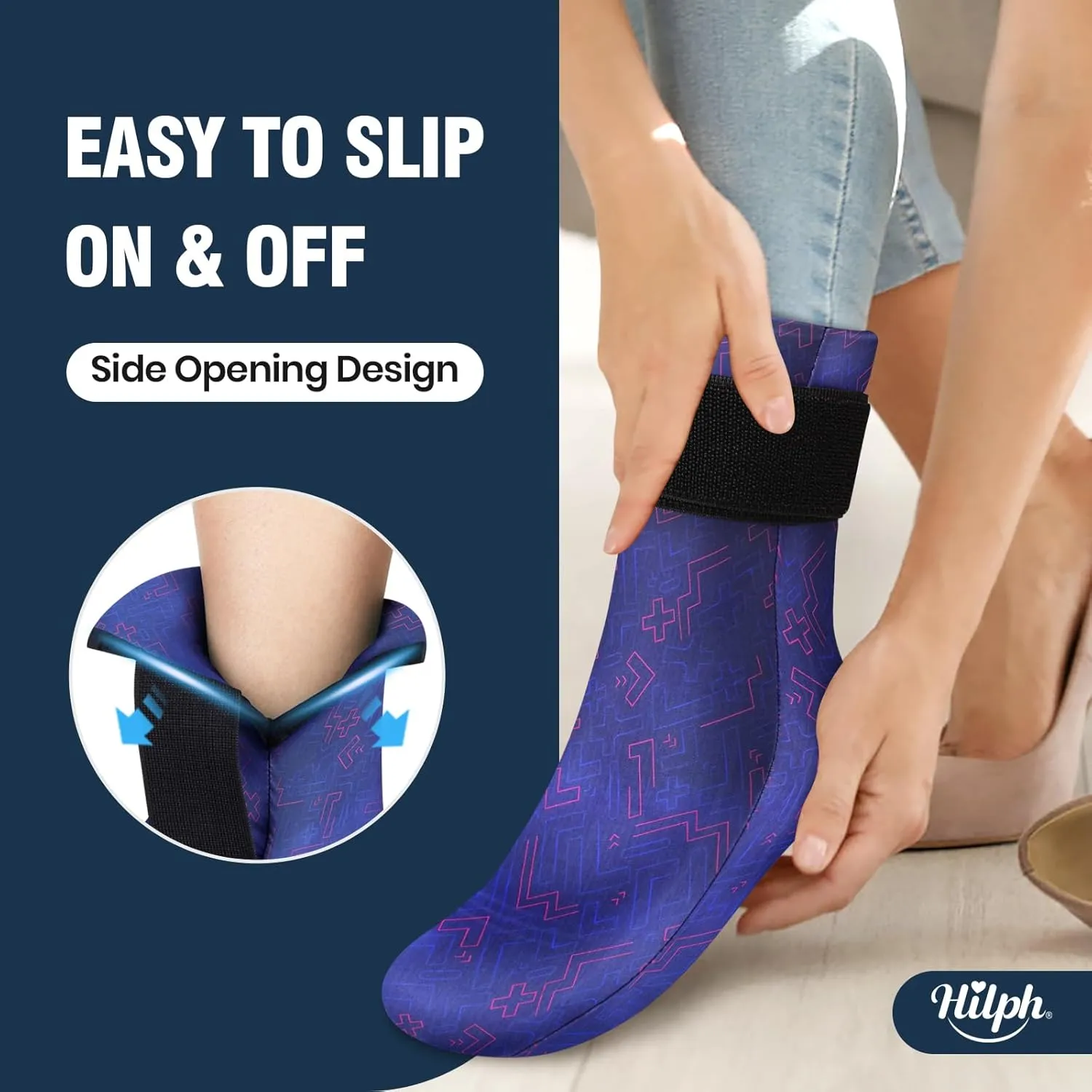 Hilph Full Foot Ice Pack Gel Sock for Hot & Cold Therapy - Reusable Cooling Sock for Toe Pain, Plantar Fasciitis & Hot Feet - Easy Slip On Design for Chemotherapy, Postpartum Recovery, 1-Pack, Blue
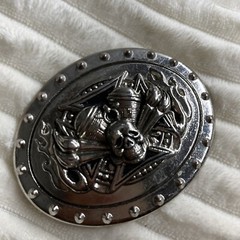 Belt Buckle Metal Motorcycle Skull Flames Mens Oval 3.5&Prime; x 2 5/8&Prime;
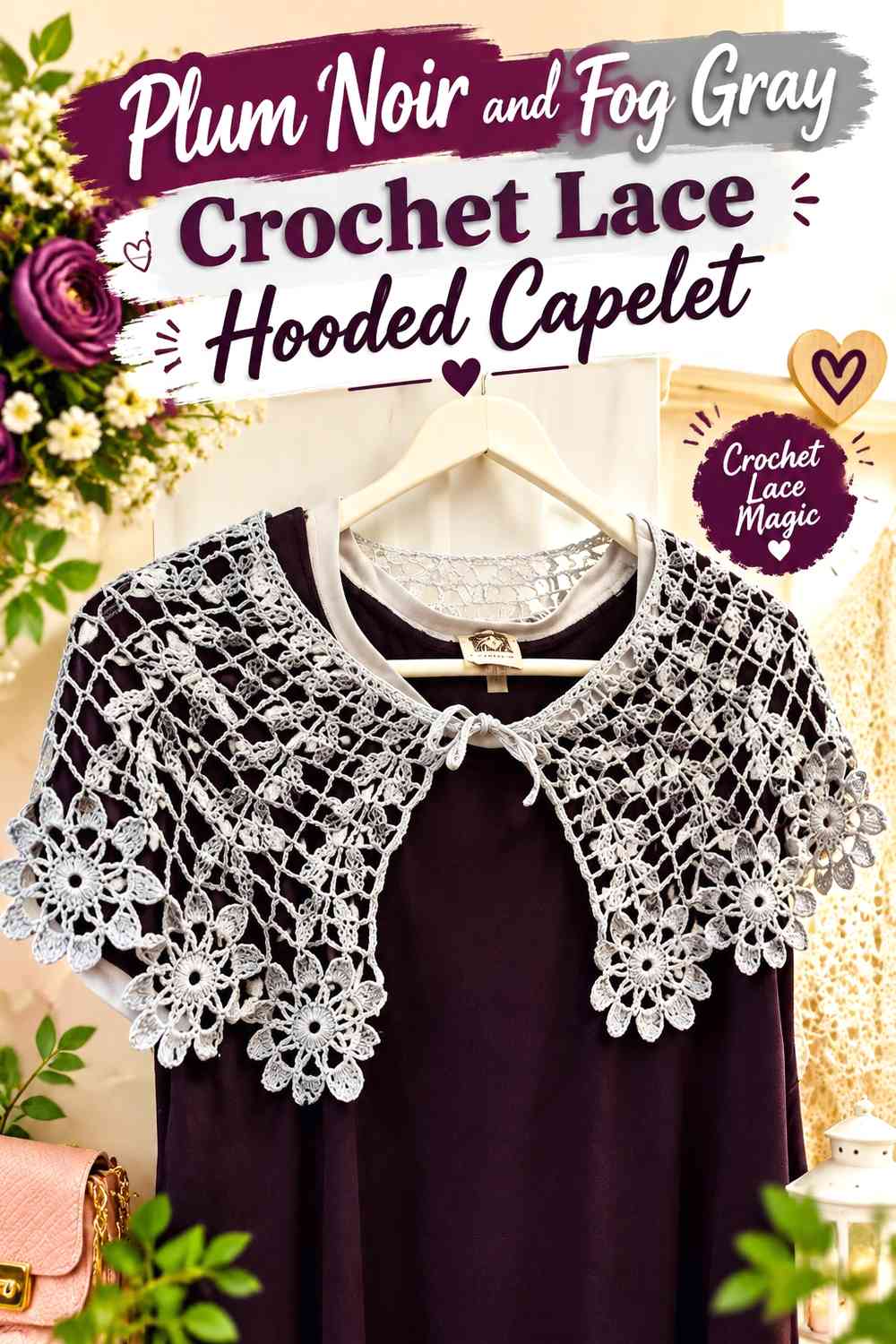 Plum Noir and Fog Gray Crochet Lace Hooded Capelet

→ WHAT YOU NEED TO DO
Line for line, restate the data above and omit every picture.

→ EXPECTED OUTPUT
 Hilph Full Foot Ice Pack Gel Sock for Hot & Cold Therapy - Reusable Cooling Sock for Toe Pain, Plantar Fasciitis & Hot Feet - Easy Slip On Design for Chemotherapy, Postpartum Recovery, 1-Pack, Blue
 Belt Buckle Metal Motorcycle Skull Flames Mens Oval 3.5&Prime; x 2 5/8&Prime;
 Plum Noir and Fog Gray Crochet Lace Hooded Capelet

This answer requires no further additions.